TL;DR: It's complicated and likely has to do with paramagnetic shielding effects rather than the usual arguments based on electron density, ring currents, and so on.
Firstly, because of low-lying π* orbitals, π-bonded carbons typically have lower excitation energies than purely σ-bonded carbons and are thus more deshielded. However, due to the presence of a π-bond order term, alkynes experience less deshielding due to paramagnetic effects. So the general order of chemical shifts is: alkenes > alkynes > alkanes.
Carbonyls are more deshielded than alkenes, and nitriles more deshielded than alkynes (both due to the paramagnetic contribution), but this doesn't overturn the existing bias of alkenes > alkynes.
It is instructive to start by comparing alkenes (~120 ppm) vs alkynes (~70 ppm). There is already a large difference between those two. Carbonyls are essentially deshielded alkenes, and nitriles essentially deshielded alkynes. And so it is no longer too surprising that carbonyls come in at a higher chemical shift than nitriles.
The only question left is to ask why sp2 carbons are generally more deshielded than sp carbons. Although it's tempting to just look purely at the hybridisation and s-percentage, this doesn't explain why the pattern is generally sp2 > sp > sp3. I should first point out that the physical factors controlling 13C shifts are (usually) markedly different from those controlling 1H shifts, so any text that tries to "carry over" those ideas is likely incomplete or incorrect. The reason for that is described in further detail here, and you can see Hans Reich's excellent website for more information about the various terms that contribute to the chemical shift.
With that out of the way, I will briefly quote from Gunther's NMR Spectroscopy, 3rd ed. (p 410):
For the paramagnetic contribution, early theoretical considerations [...] led to the expression:
$$\sigma_\mathrm{p}^i \approx -\frac{1}{\Delta E} \left(\frac{1}{r_i^3}\right)_\mathrm{2p_z} \left(\color{red}{Q_{ii}} + \sum_{j \neq i} Q_{ij}\right)$$
where $\Delta E$ is a mean electronic excitation energy [...]

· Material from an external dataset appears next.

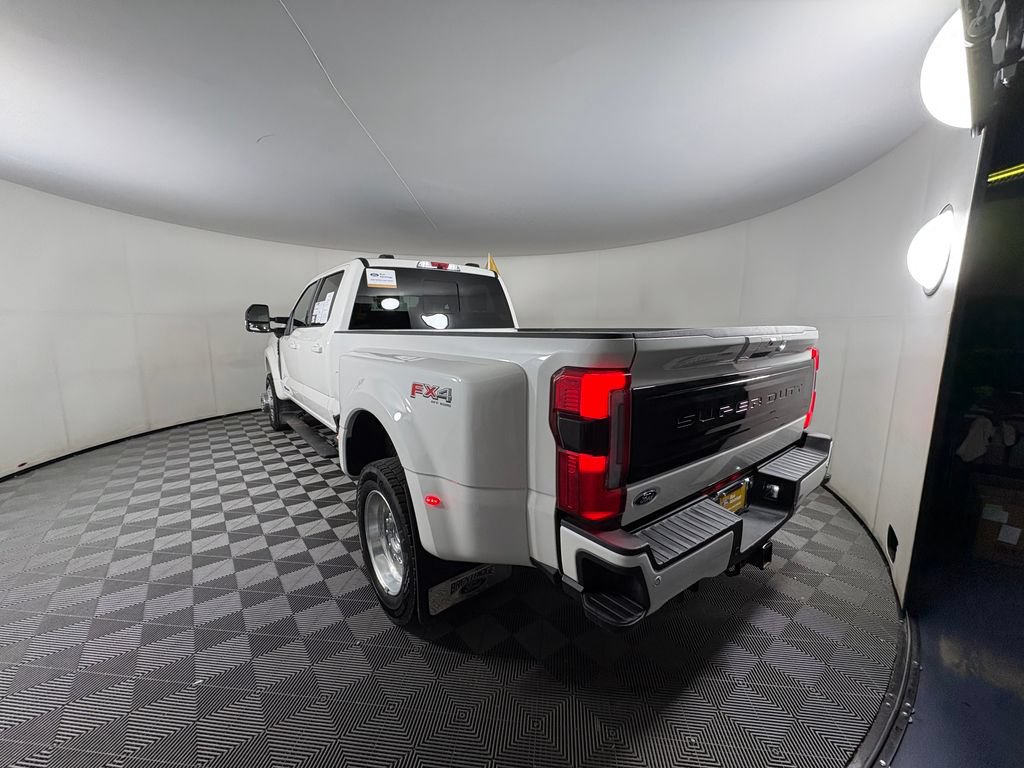 Used 2026 Ford F450 Platinum w/ FX4 Off-Road Package AWD/4WD image 3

I have coloured $Q_{ii}$ in red because it is not in Gunther's text (I suspect this is an error). I have added it to bring it in line with an article by Pople (Mol. Phys. 1964, 7 (4), 301–306).
Note first that the paramagnetic shielding is negative, so a larger magnitude corresponds to a less shielded nucleus, or a higher chemical shift. Now, the "excitation energy" for an alkane is probably a $\sigma \to \sigma^*$ excitation, which is quite large. On the other hand, for unsaturated compounds (alkenes / alkynes), there are low-lying $\pi^*$ orbitals, so $\Delta E$ becomes smaller and $\sigma_\mathrm p$ more negative.* This accounts for why unsaturated groups have higher chemical shifts than alkanes.

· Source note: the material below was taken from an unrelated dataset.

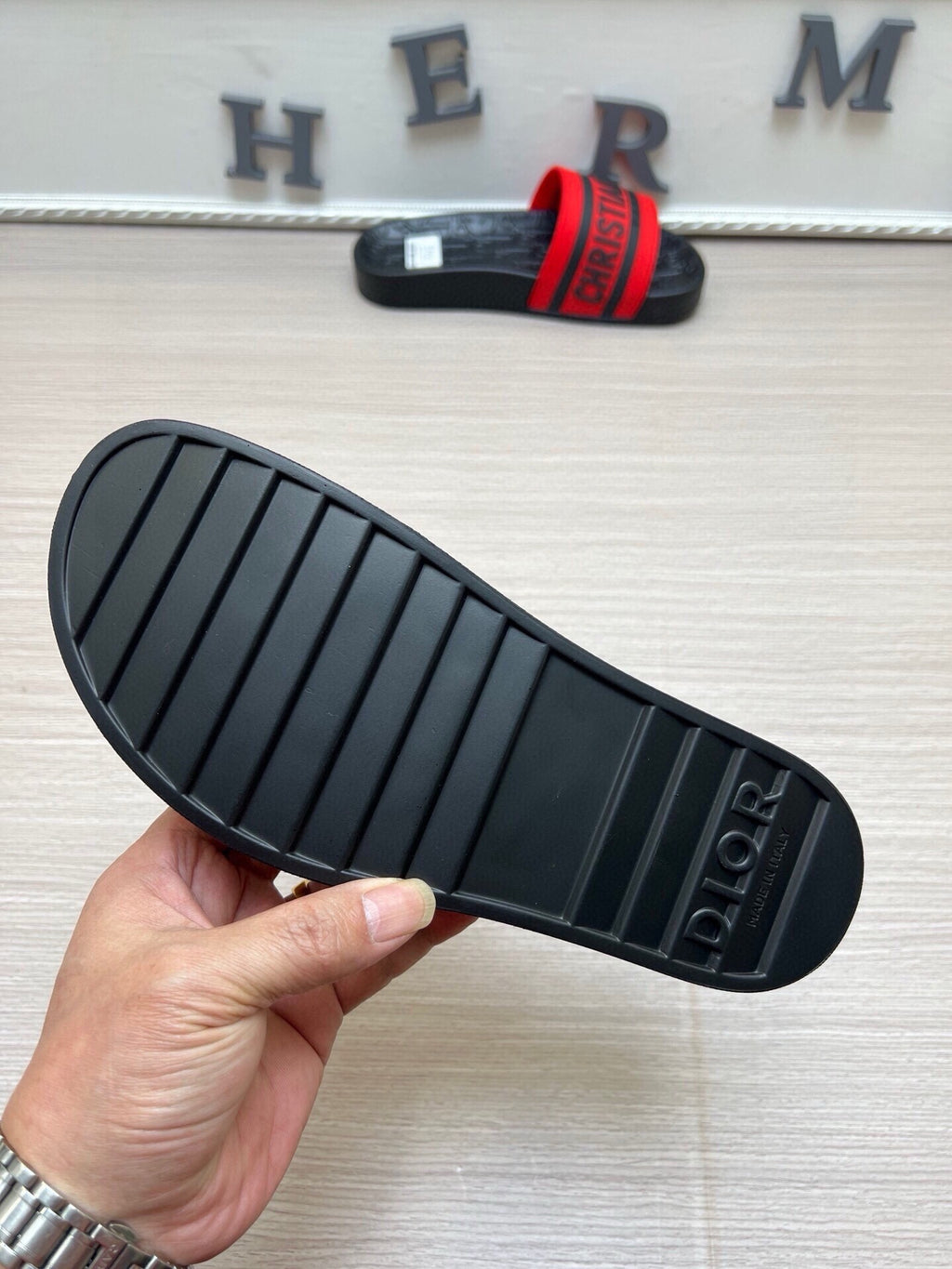 5LD212Z Popular Slippers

It also explains why carbonyls/nitriles are more deshielded than alkenes/alkynes respectively: because a heteroatom (O/N) has a high-energy lone pair, the primary excitation becomes a $n \to \pi^*$ transition which has a smaller $\Delta E$.
[...] $Q_{ij}$ is a bond order term that originates from the presence of $\pi$-bonds. [...] The bond order term superimposes additional changes that are most pronounced for [...] the $\ce{^{13}C}$ resonances of alkynes. For [alkynes], theory yields $\sum_{j\neq i} Q_{ij} = 0$ as in alkanes, whereas for [the central carbon of] allene $\sum_{j\neq i} Q_{ij} = 0.8$.

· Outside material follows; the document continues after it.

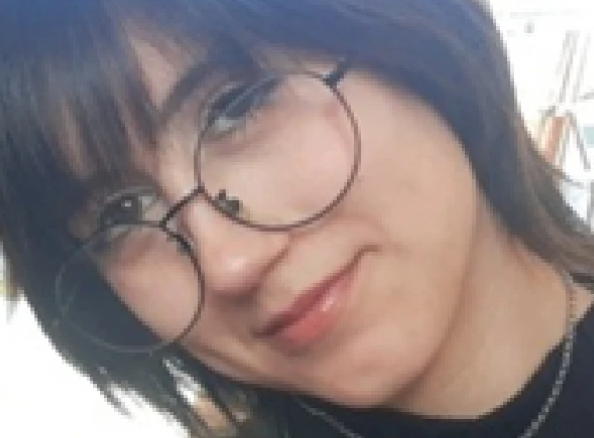 desaparecidaorg's tweet photo. Ariadna Andrada tiene 16 años, desapareció el 28/5/26 en Puerto Madryn, #Chubut. Es delgada, altura 1,64. Tiene ojos verdes, utiliza anteojos recetados. Vestía campera de jean negra, pantalón marrón claro y mochila blanca y negra. Avisar #Urgente al☎️2804562486, 101  o 911 https://t.co/lsa030Lkjt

Gunther doesn't say exactly what this term would be for a plain old alkene (not allene), but Pople writes that it is 0.44. According to Pople, the $Q_{ii}$ term (in red) is equal to 2, so the overall term in parentheses is equal to 2 for alkynes and 2.44 for alkenes. This means that an alkyne carbon experiences a smaller (less negative) $\sigma_\mathrm p$, and consequently is less deshielded than an alkene carbon.
* Note also that $\pi \to \pi^*$ excitations are symmetry-forbidden in the context of paramagnetic shielding, so the primary excitation is probably a $\sigma \to \pi^*$ or $\pi \to \sigma^*$.